Work to be completed → Would you please output the lines from the one holding "Serropalpus" to the end of the entries, exactly and with no others?

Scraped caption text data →
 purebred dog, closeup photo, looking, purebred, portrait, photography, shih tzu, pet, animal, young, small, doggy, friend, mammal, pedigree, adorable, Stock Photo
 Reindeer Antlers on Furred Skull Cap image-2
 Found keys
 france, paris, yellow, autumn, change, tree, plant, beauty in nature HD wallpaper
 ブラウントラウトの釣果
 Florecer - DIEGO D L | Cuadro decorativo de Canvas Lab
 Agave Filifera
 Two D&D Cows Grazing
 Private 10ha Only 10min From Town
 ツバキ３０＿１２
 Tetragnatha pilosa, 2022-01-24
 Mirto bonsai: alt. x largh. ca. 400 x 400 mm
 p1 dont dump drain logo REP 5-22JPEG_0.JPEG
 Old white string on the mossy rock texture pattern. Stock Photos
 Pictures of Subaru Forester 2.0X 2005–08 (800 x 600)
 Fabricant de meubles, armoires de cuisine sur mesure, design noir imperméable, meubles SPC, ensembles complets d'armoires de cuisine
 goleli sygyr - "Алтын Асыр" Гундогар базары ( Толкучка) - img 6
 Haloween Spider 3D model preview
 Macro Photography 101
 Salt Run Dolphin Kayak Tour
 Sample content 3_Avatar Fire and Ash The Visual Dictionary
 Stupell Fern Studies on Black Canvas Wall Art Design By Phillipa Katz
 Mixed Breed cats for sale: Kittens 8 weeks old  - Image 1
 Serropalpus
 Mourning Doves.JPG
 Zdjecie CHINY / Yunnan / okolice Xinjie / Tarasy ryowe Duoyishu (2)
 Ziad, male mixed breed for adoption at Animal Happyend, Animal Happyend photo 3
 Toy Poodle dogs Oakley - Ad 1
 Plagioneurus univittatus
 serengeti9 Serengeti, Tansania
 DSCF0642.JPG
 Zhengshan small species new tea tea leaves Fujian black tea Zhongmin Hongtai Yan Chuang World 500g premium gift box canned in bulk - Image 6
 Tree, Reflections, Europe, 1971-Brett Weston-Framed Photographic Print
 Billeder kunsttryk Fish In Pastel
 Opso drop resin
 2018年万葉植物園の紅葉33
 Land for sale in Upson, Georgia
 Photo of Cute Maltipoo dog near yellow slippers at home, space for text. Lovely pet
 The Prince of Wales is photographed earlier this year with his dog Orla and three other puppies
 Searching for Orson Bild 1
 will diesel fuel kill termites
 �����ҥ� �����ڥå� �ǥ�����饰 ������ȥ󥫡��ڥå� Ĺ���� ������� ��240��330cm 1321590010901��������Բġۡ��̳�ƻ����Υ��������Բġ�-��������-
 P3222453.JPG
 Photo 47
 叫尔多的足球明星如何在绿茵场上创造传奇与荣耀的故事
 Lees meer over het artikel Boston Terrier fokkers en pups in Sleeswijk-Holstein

Exercise result →
 Serropalpus
 Mourning Doves.JPG
 Zdjecie CHINY / Yunnan / okolice Xinjie / Tarasy ryowe Duoyishu (2)
 Ziad, male mixed breed for adoption at Animal Happyend, Animal Happyend photo 3
 Toy Poodle dogs Oakley - Ad 1
 Plagioneurus univittatus
 serengeti9 Serengeti, Tansania
 DSCF0642.JPG
 Zhengshan small species new tea tea leaves Fujian black tea Zhongmin Hongtai Yan Chuang World 500g premium gift box canned in bulk - Image 6
 Tree, Reflections, Europe, 1971-Brett Weston-Framed Photographic Print
 Billeder kunsttryk Fish In Pastel
 Opso drop resin
 2018年万葉植物園の紅葉33
 Land for sale in Upson, Georgia
 Photo of Cute Maltipoo dog near yellow slippers at home, space for text. Lovely pet
 The Prince of Wales is photographed earlier this year with his dog Orla and three other puppies
 Searching for Orson Bild 1
 will diesel fuel kill termites
 �����ҥ� �����ڥå� �ǥ�����饰 ������ȥ󥫡��ڥå� Ĺ���� ������� ��240��330cm 1321590010901��������Բġۡ��̳�ƻ����Υ��������Բġ�-��������-
 P3222453.JPG
 Photo 47
 叫尔多的足球明星如何在绿茵场上创造传奇与荣耀的故事
 Lees meer over het artikel Boston Terrier fokkers en pups in Sleeswijk-Holstein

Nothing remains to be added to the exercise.